Overview – Malware Targets EDR & MDR Software

EDR and MDR tools have become a massive part of detecting, responding to, and monitoring cyber threats and stopping attacks. Endpoint Detection & Response (EDR) and Managed Detection & Response (MDR) are tools deployed on a device to protect a particular endpoint and provide security monitoring and management across an organization’s entire IT environment.

New AuKill Malware

However, recently threat actors have been using a new hacking tool called AuKill which can disable the EDR software on a target’s system before deploying any backdoors or ransomware. This process occurs in Bring Your Own Vulnerable Driver (BYOVD) attacks. Within these attacks, the malicious actors release legitimate drivers signed with a valid certificate capable of running kernel privileges on the victim’s device. This disables the security EDR solution and takes over the system. This type of attack ranges from all kinds of threat actors, ranging from state-backed hacking groups to ransomware groups motivated by money.

How AuKill Malware Disables Security Software

Sophos X-Ops security was the one who discovered the AuKill malware. They found that AuKill drops a vulnerable Windows driver (procexp.sys) next to the one used by Microsoft’s Process Explorer v16.32. This common and legitimate utility can collect information on active Windows processes. Then, it moves to disable the EDR software. To do this, AuKill starts several threads to check and disable the security services and prevent them from restarting to avoid detection. See the articles below for more information on the exact processes AuKill takes to stop an EDR solution.

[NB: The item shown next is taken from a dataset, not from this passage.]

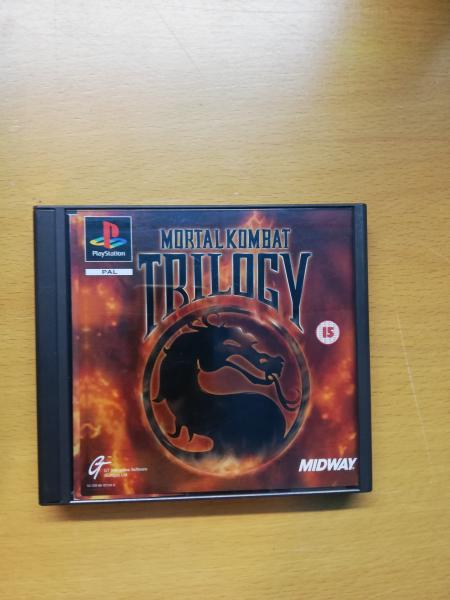 Mortal Kombat Trilogy Playstation 1 SLES 00528 USK nicht unter 18 Jahren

While there are no set remediations at the moment, the following can help protect against a future attack:

  1. Firstly, if you have an EDR security service in place, it is recommended to enable tamper protection for this agent to prevent any unwanted processes related to its ability to run.
  2. Also, ensure the separation of users and admin privileges is in place to prevent privilege escalation attacks.
  3. Stay up to date on patches, maintaining the latest version of a device, applications, and tools within the system.
  4. Maintain vulnerability management within your environment to detect any flaws.